Mental stops negotiate. Broker stops don't. The framework's exit rules are non-negotiable. Every entry ships with a GTC stop at ETRADE. The Raise-Stop automation only ever moves stops up*, never down.
The 13 pillars in plain English
Pillars are the framework's refusal mechanism. They don't pick trades — they reject trades the scanner wants to take but shouldn't. Each pillar is a specific failure mode the framework has seen blow up portfolios.
Pillars 1–7 are baseline (always active). Pillars 8–13 are war-time overlays (activate when VIX > 25 or other regime triggers).
| # | Pillar | The trade it refuses | The voice in your head |
|---|---|---|---|
| 1 | Armor Cap (15% per asset) | Single position > 15% | "I'm so sure about this one." |
| 2 | Red-Line (7% drawdown) | Holding through a 7% portfolio drop | "Just one more dip and we're back." |
| 3 | Pre-Market Firewall | New longs when ES futures down >1.5% pre-open | "I'll catch the falling knife." |
| 4 | Sector Cap (40% per theme) | Five semis disguised as diversification | "NVDA, AVGO, AMD, SMCI, MRVL — totally spread." |
| 5 | Hard-Cash Floor (10%) | Going below 10% in cash/T-bills | "If you're 100% invested, you can't add." |
| 6 | Earnings Proximity (3 sessions) | New entries within 3 sessions of earnings | "Gambling on the print." |
| 7 | Stop Discipline (Trade-the-Structure) | Holding without a real broker stop in place | "I'll just exit mentally if it dips." |
| 8 | Defensive Oil Cap (15%) | Energy > 15% in war regimes | "Doubling down on shocks." |
| 9 | Hardware War Cap (30%) | Compute > 30% in inversion regimes | "Semis are defensive, right?" |
| 10 | Velocity Exception (35%) | Sleeve > 35% even on momentum names | "It's running, let me press." |
| 11 | Gap Protection | Full-size positions in earnings/Fed/CPI weeks | "Headlines won't matter to my chart." |
| 12 | Armor Yield Floor (^IRX ≥ 4%) | Sitting in T-bills below 4% yield | "Cash that doesn't pay." |
| 13 | Diplomatic Decay (48h post-truce) | Riding tech tops 48h after a named truce | "Geopolitics doesn't matter to my portfolio." |
The pillars are a mood. They're the trader's six-months-ago self saying "don't make the trade I would have made." The math floor — not motivation.
AI coaches: when they fire, what they do
Each coach is bound to a specific framework event. They never appear unless the event triggered.

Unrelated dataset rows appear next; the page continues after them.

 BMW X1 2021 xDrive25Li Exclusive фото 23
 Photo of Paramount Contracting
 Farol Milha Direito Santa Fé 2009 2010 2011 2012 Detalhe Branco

| Coach | Triggers when... | What it tells you |
|---|---|---|
| Entry Coach | A ticker enters ARMED state | The thesis vs. the risk, in one read |
| Exit Coach | Score drops below 70, or SL approached | Should you exit fully, half, or wait |
| Pillar Coach | A pillar is being violated or about to be | Which pillar, why, and what to do |
| Trap & Structure Coach | Trap detector fires | Walks the contradiction in detail |
| Whale Confirmation Coach | Institutional flow contradicts price | Who the smart money is, in or out |
| Devil's Advocate | Conviction is high (score ≥ 90 + ARMED) | Argues the OTHER side. Adversarial by design. |
| Thesis Drift | Today's signals contradict your 14d-old AI thesis | Where the read changed |
| Position History Audit | Held position with recent score drop | Why this position is no longer scoring |
| Comparable Setups | Today's tape matches a prior known setup | What happened last time |
| Catalyst Interpreter | News / earnings / Fed event detected | What the catalyst actually means for this ticker |
No chat box. Ever. AI is summoned by triggers, never by free-form questions. That's the brand line.
Common questions
Q: Why is everything below 80? The 80 gate is the B-grade entry threshold. By design, most setups don't clear it. As of v6.6, the framework is fully calibrated: the gate is hard, and clean setups are rare. If 4 of 8 tickers are clearing 80 on a quiet day, something's miscalibrated. If 0–1 are clearing, the framework is doing its job.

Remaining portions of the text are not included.